Even After Stopping ADHD Medications, Children’s Brains Show Differences
Children who are treated with methylphenidate continue to show increased blood flow in their brains even after the medication is gone from their systems, new research says — but the long-term consequences of these changes remain unknown.
August 10, 2016
Even after stimulants are washed out of their systems, children’s brains still show residual changes in blood flow and dopamine levels, a new study finds — suggesting a phenomenon called “neurochemical imprinting” whose long-term consequences, at least when it comes to ADHD medications, are uncertain.
The study, which was published August 3 in JAMA Psychiatry, looked at 99 male patients falling in the age ranges of either 10 to 12 or 23 to 40. Fifty of the patients were treated with methylphenidate for 16 weeks, while the other 49 were treated for the same period with a placebo. During the four-month treatment span, researchers used pharmacologic MRIs to gauge blood flow in the cerebrum — a criterion for assessing dopamine stimulation in the brain — and continued measuring until one week after the medication had been stopped.

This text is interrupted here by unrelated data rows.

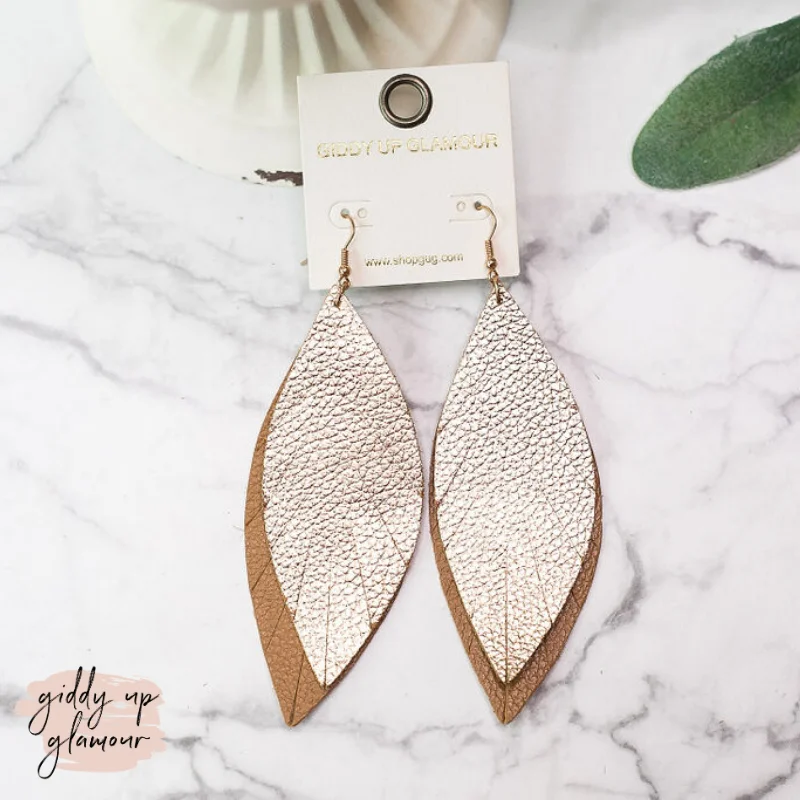 Geometric Drop Earrings for Women-Two-Toned Light As a Feather Leather Earrings in Gold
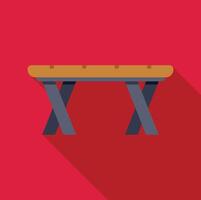 Vaulting table standing on red background with long shadow vector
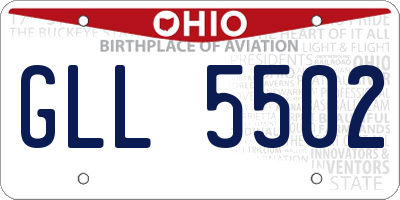 OH license plate GLL5502
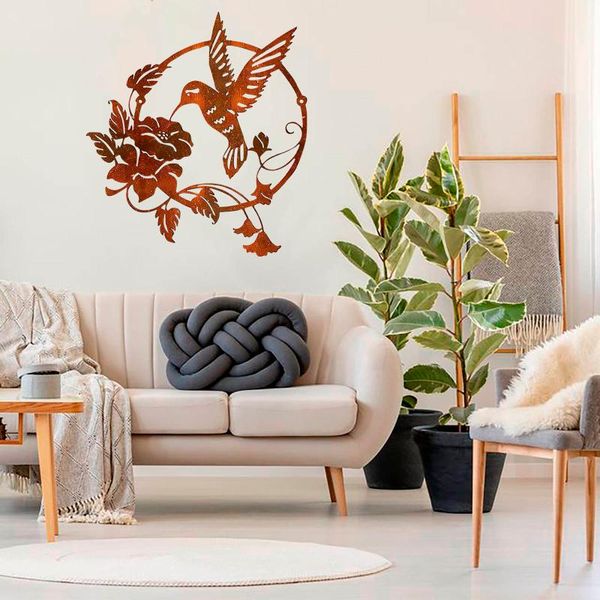 

large hummingbird flower metal wall art decor nordic style creative hanging home shelf for bedroom living room other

The children who were treated with methylphenidate showed a significant increase in cerebral blood flow when they started the medication — an increase that maintained itself even after treatment ended and the medication was fully washed out of their bodies. The placebo groups saw no similar effects, and the adults who were treated with methylphenidate returned to their baseline levels of cerebral blood flow almost immediately once the 16-week medication period was over.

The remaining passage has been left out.